Linear Regression in Python
THIS ARTICLE IS STILL IN EDITING MODE
Contents
- 1 Introduction
- 2 Types of linear regression
-
3 Linear regression Implementation in Python
- 3.1 1. Import necessary libraries
- 3.2 2. Generate / Import data
- 3.3 3. Create a pandas DataFrame from the generated data
- 3.4 4. Display information about the DataFrame
- 3.5 5. Reshape the data
- 3.6 6. Split the data into training and testing sets
- 3.7 7. Create and fit the linear regression model
- 3.8 8. Make predictions on the test set
- 3.9 9. Evaluate the model
- 3.10 10. Plot the results
- 4 Advantages of linear regression
- 5 Disadvantages of linear regression
- 6 Summary
- 7 References
Introduction
Linear regression is a statistical method that is used to predict a continuous dependent variable (also response or output) based on one or more independent variables (also predictors, inputs or regressors). This technique assumes a linear relationship between the dependent and independent variables, which implies that the dependent variable changes proportionally with changes in the independent variables. In other words, there is a function that maps some features or variables to others sufficiently well.

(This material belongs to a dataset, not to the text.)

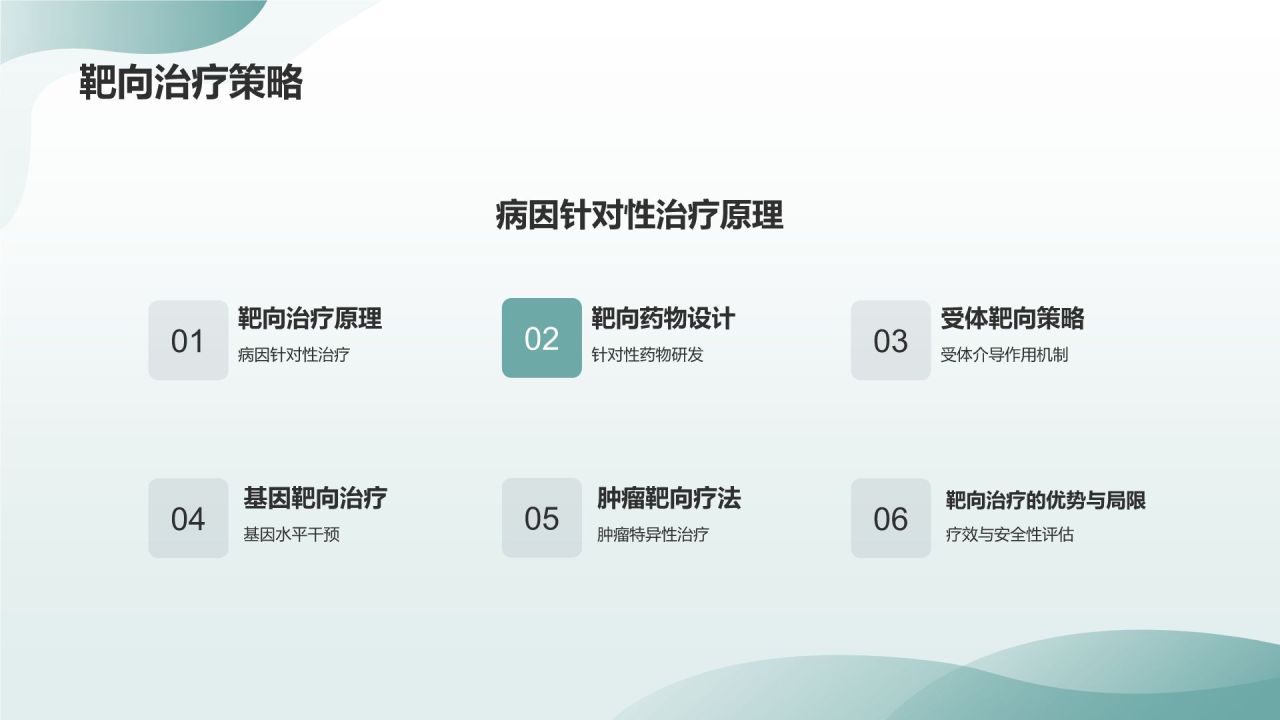 生物制药：引领未来疗法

Regression problems usually have one continuous and unbounded dependent variable. The inputs, however, can be continuous, discrete, or even categorical data, such as gender, nationality, or brand.
Types of linear regression
1. Simple linear regression
This involves predicting a dependent variable based on a single independent variable. The equation of the regression line is given by:
$y=mx+b$ or $y=b_{0}+b_{1}x$,
where y - the dependent variable, x - the independent variable, m/$b_{1}$ - the slope of the line (represents the change in y for a unit change in x), b/$b_{0}x$ - the intercept (the value of y when x is 0).
2. Multiple linear regression
This involves predicting a dependent variable, that can be explained by multiple independent variables (x1, x2, ..., xn)
. In this case the equation is extended to:
$y=b_{0}+b_{1}x_{1}+b_{2}x_{2}+....+b_{n}x_{n}$,
where, y - the dependent variable, x1, x2, ..., xn - the independent variables, b0 - the intercept, b1, b2, ... , bn - the coefficients that represent the change in y for a unit change in each respective independent variable.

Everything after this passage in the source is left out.